- Exercise objective
Return the following data exactly, with all pictures left out.
"""
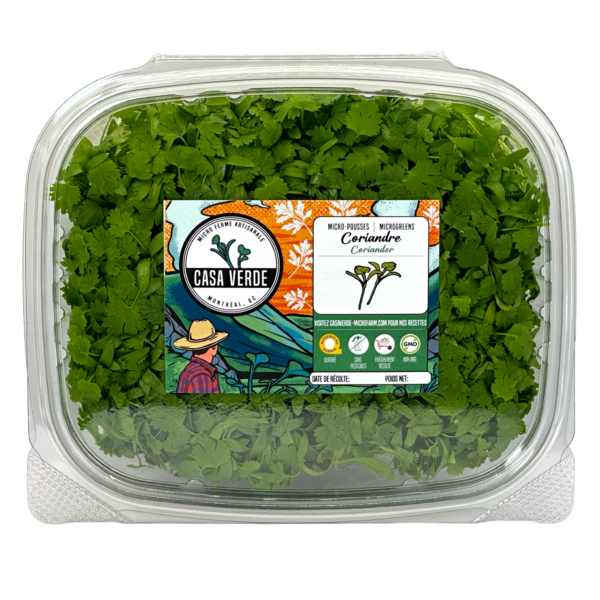 coriander-microgreens-cilantro-coriandre-micropousses-montreal-casa-verde-micro-farm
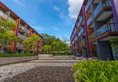 Holiday Inn Express Phuket Patong Beach Central в Пхукет Таиланд ✅. Забронировать номер онлайн по выгодной цене в Holiday Inn Express Phuket Patong Beach Central. Трансфер из аэропорта.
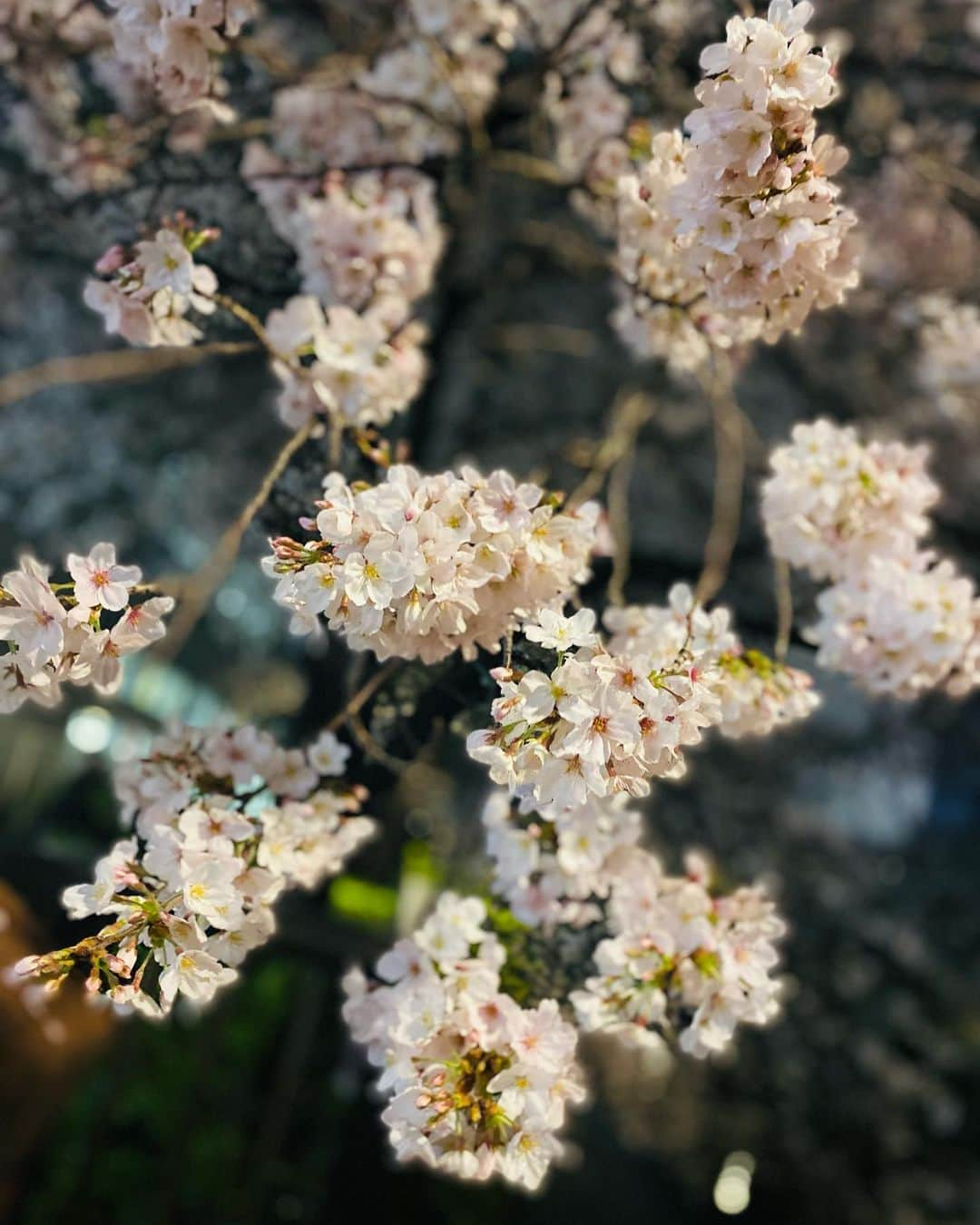 菜那くららさんのインスタグラム写真 - (菜那くららInstagram)「🌸🌸🌸  見上げると、 今年も綺麗な桜が沢山𓂃𓈒𓂂𓏸❀  雨上がりの夜桜は同期と一緒に🥰🌸  大きな桜の木を見上げる みくちゃんと私✨  Photo by あやちゃん📸  #桜 #2023 #お花見 #夜桜」4月2日 20時42分 - nana_kurara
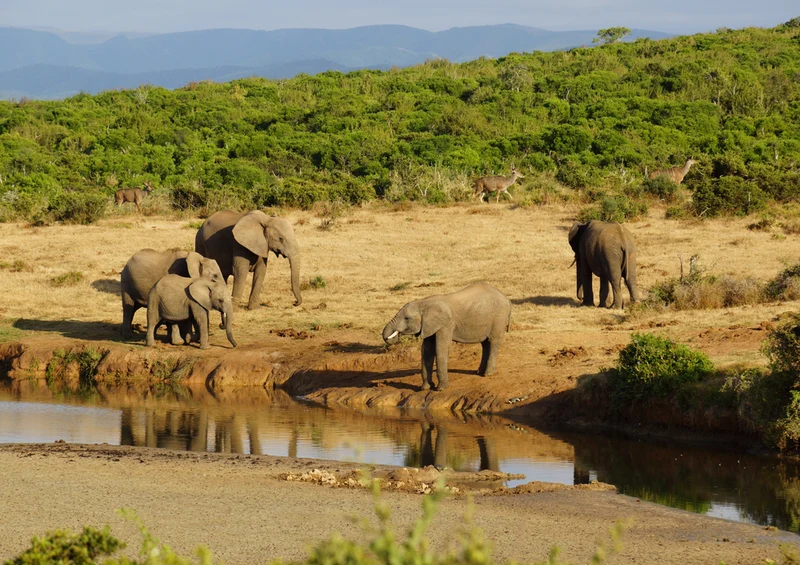 87253 Tierwelt - Elefant Puzzle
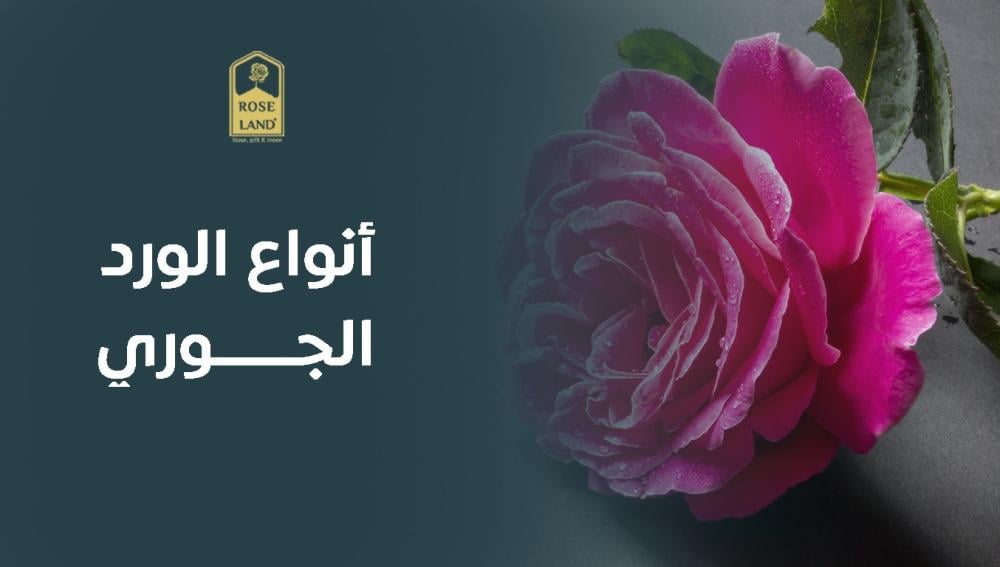 أنواع الورد الجوري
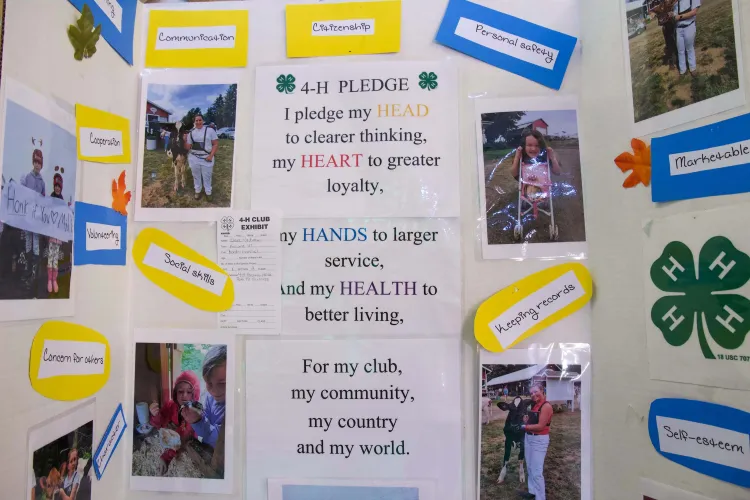 A poster with text reading "4-H Pledge: I pledge my HEAD to clearer thinking, my HEART to greater loyalty, my HANDS to larger service, and my HEALTH to better living, for my club, my community, my country and my world." Around the text are photos of youth and animals and individual phrases like "communication" and "citizenship" and "social skills."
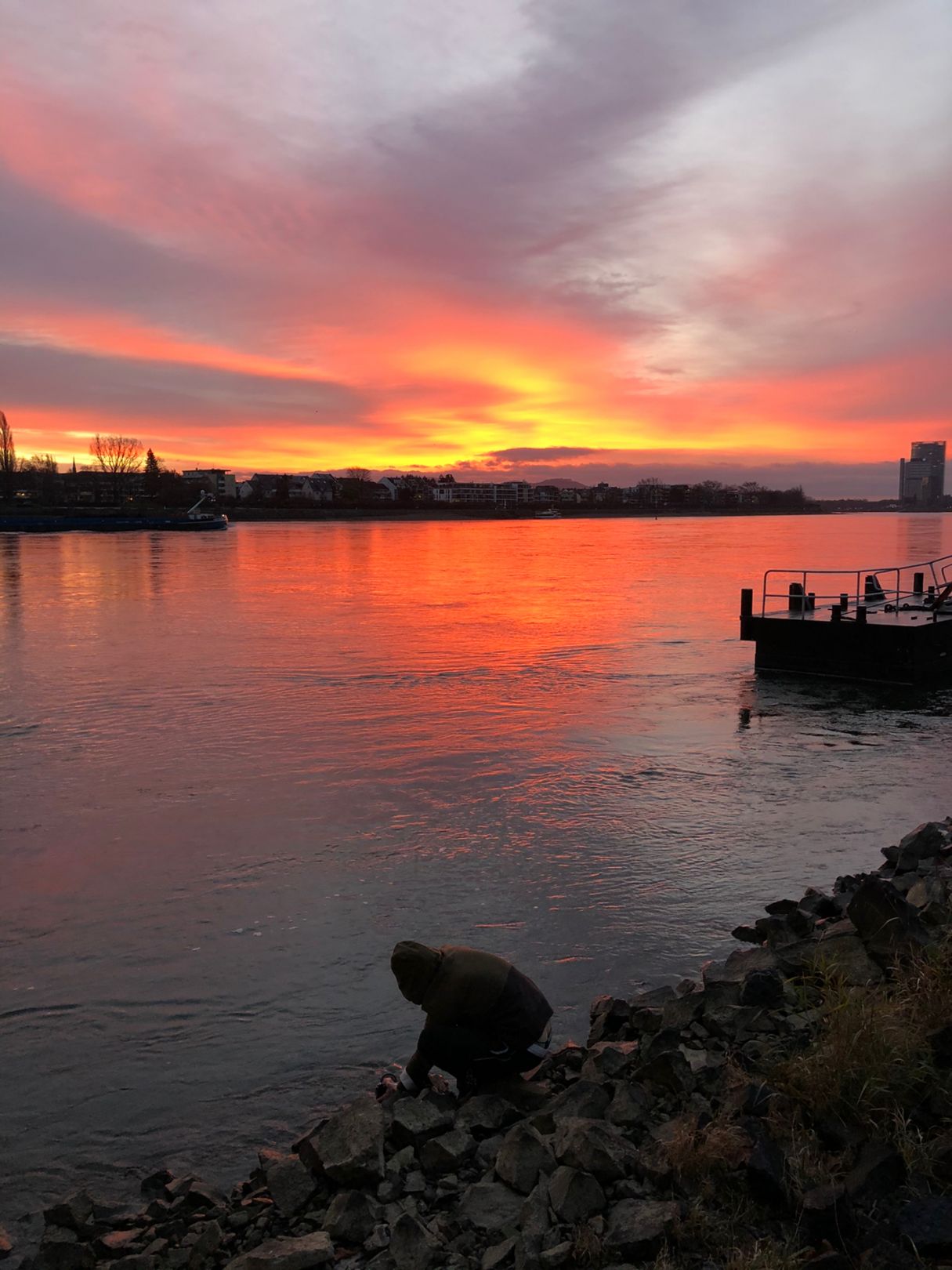 Rhein (Bonn) angeln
"""
- Output
 coriander-microgreens-cilantro-coriandre-micropousses-montreal-casa-verde-micro-farm
 Holiday Inn Express Phuket Patong Beach Central в Пхукет Таиланд ✅. Забронировать номер онлайн по выгодной цене в Holiday Inn Express Phuket Patong Beach Central. Трансфер из аэропорта.
 菜那くららさんのインスタグラム写真 - (菜那くららInstagram)「🌸🌸🌸  見上げると、 今年も綺麗な桜が沢山𓂃𓈒𓂂𓏸❀  雨上がりの夜桜は同期と一緒に🥰🌸  大きな桜の木を見上げる みくちゃんと私✨  Photo by あやちゃん📸  #桜 #2023 #お花見 #夜桜」4月2日 20時42分 - nana_kurara
 87253 Tierwelt - Elefant Puzzle
 أنواع الورد الجوري
 A poster with text reading "4-H Pledge: I pledge my HEAD to clearer thinking, my HEART to greater loyalty, my HANDS to larger service, and my HEALTH to better living, for my club, my community, my country and my world." Around the text are photos of youth and animals and individual phrases like "communication" and "citizenship" and "social skills."
 Rhein (Bonn) angeln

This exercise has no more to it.